Page 2 of 3

Re: Assembler syntax

Posted: Thu Sep 11, 2014 12:03 pm
by SoLDMG
Jezze wrote:I totally agree with you there SolDMG. C is so close to the perfect language for me that there isnt much I would like to be different in the language itself besides adding more syntactic restrictions and add something better to define data structures besides just using structs and/or bitfields together with either enums or defines for register definitions. Where I think the problem is today is in the tools where they are just too big and too bloated with options.
Exactly my point, plus that there is an actual user group for it. There are thousands (maybe millions) of C programs that people actually use. Every production-grade operating system kernel (Linux, BSD, Windows, OS X, Minix, GNU/Mach?) is basically written in C. No one is waiting for another C-like language, or another language at all. We already have hundreds of languages. What we don't have are competent tools for the right job. Sure, the GNU Compiler Collection is moldable to an extent and the LLVM project does an amazing job, but it's getting kinda bloated as well. That's also why I support the idea of open standards that anyone can use, it's so that tools can be continously written and replaced every now and then, so we keep the code fresh, small and thus usable.

Re: Assembler syntax

Posted: Fri Sep 12, 2014 9:10 am
by SoLDMG
Bencz wrote: Hi!

Why u not generate a ".obj" file, using the OMF obj format ?
http://en.wikipedia.org/wiki/Relocatabl ... ule_Format
Why would I support a pretty much dead format?
Bencz wrote: In code-gen of your C compiler, u can make a struct, with machine code and text asm code..., in that struct, u can út the both sintax, AT&T or Intel, the user choice for generate machine coide or asm text code

Code: Select all

enum 
{ 
    push_eax=0,....
}

intructions instru[] =
{
    { "50", "push eax", "pushl %eax"}, ....
}

That is what I am going to do, after reading this. This is actually a pretty good idea.

Re: Assembler syntax

Posted: Fri Sep 12, 2014 5:15 pm
by Bencz
That was what I did on my C compiler ....
But my compiler generates an win32 EXE.

Re: Assembler syntax

Posted: Sat Sep 13, 2014 5:36 am
by SoLDMG
Bencz wrote:That was what I did on my C compiler ....
But my compiler generates an win32 EXE.
Oh... Well my toolchain will probably support a lot of formats. ROMF just isn't used anymore. PE and ELF are 'the name of the game' so to speak.

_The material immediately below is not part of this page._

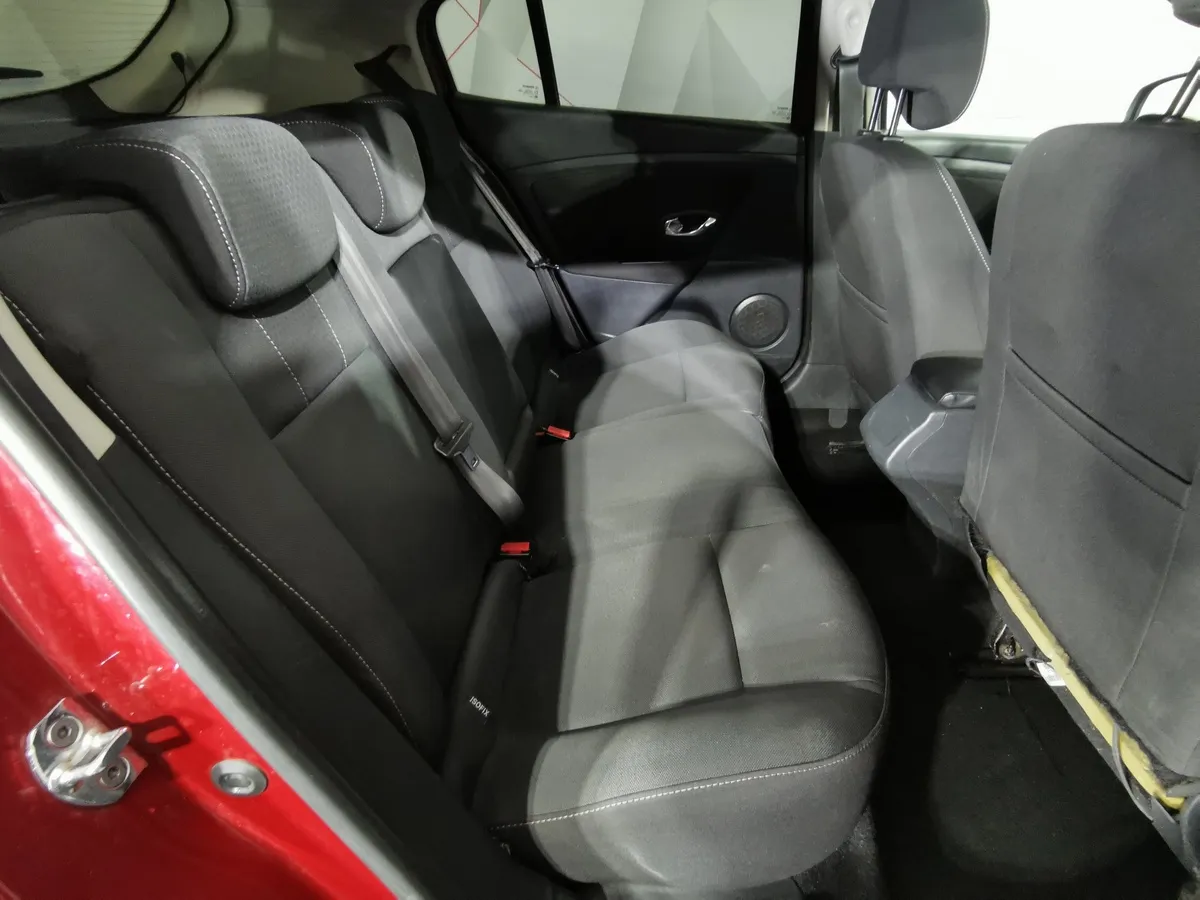 Renault Megane 1.6 MT (106 л.с.) Красный в АВИЛОН. Слайд №14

You probably already knew that though.

Re: Assembler syntax

Posted: Sat Sep 13, 2014 6:38 am
by alexfru
Bencz wrote: Why u not generate a ".obj" file, using the OMF obj format ?
In practice, OMF comes with a number of incompatible and non-universally supported extensions and misinterpretations by various implementors, which is why there are very few OMF tools that are actually compatible at the object file level. Besides that, it's quite complex on its own.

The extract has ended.